Menyatakan dan menyetujui bahwa kegagalan adalah keberhasilan yang tertunda adalah sebuah gambaran bahwa sebenarnya kita sedang mengharap –bukan berharap-, dalam mengharap “sombong” dan “pongah” menempati porsi yang amat besar. Mengharap hampir sama dengan mengkhayal, tapi dalam mengharap kita “memaksakan” apa yang kita khayalkan, dan seringkali menampik kesadaran akan keterbatasan, kita memandang diri sendiri sebagai “jagoan”, yang nyaris tanpa cacat, dan lupa bahwa dalam memandang setiap jagoan seperti apapun kita butuh ironi, untuk lebih bijak dan lebih arif.

Ironi itu terlihat dalam kesadaran akan ketidaksempurnaan yang terdapat pada diri kita, bahwa dalam ketidaksempurnaan, kegagalan bisa datang kapan saja, dan kesadaran itu mengingatkan arti kegagalan terlebih dahulu sebelum kita mengharap bahwa kegagalan adalah keberhasilan yang tertunda. Kita akan terlebih dahulu menyatakan bahwa “kegagalan adalah keberhasilan yang tidak berhasil”, dengan kata lain sadar dan menerima bahwa kegagalan adalah ketidak berhasilan.

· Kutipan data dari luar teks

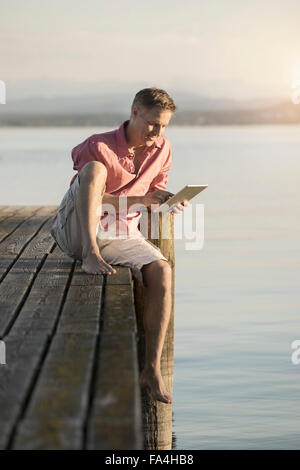 Reifer Mann mit digital-Tablette am Pier von See, Bayern, Deutschland Stockfoto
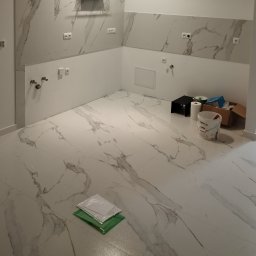 REM-NOV Michał Nowacki - Wykończona łazienka z marmurowymi płytkami na ścianach i podłodze. Widoczne puszki elektryczne, instalacja wodna i akcesoria malarskie. Nowoczesny design.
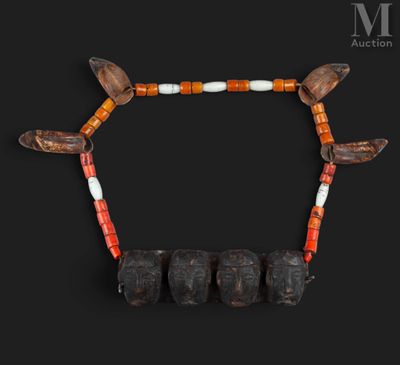 un gros plan sur un collier composé de perles en bois, avec des perles orange et blanches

Dalam agama Islam ada yang disebut tawakal, didalamnya terkandung pengertian pasrah dan tekad. Porsi pasrah dan tekad haruslah seimbang, walaupun keduanya bertentangan. Dengan pasrah dan menerima kesadaran bahwa kegagalan adalah ketidakberhasilan, maka kita bisa bertekad untuk mengulang dan berkemas kembali menuju keberhasilan tanpa disertai oleh kesombongan yang sebenarnya tidak pantas kita miliki.

Sering kita bertanya dan menyalahkan perihal “penyesalan” yang selalu datang terlambat, tapi ia bahkan tidak akan datang jika kita berangkat dengan kesadaran, kesadaran akan ketidaksempurnaan, tekad yang disertai dengan “ke-pasrah-an”.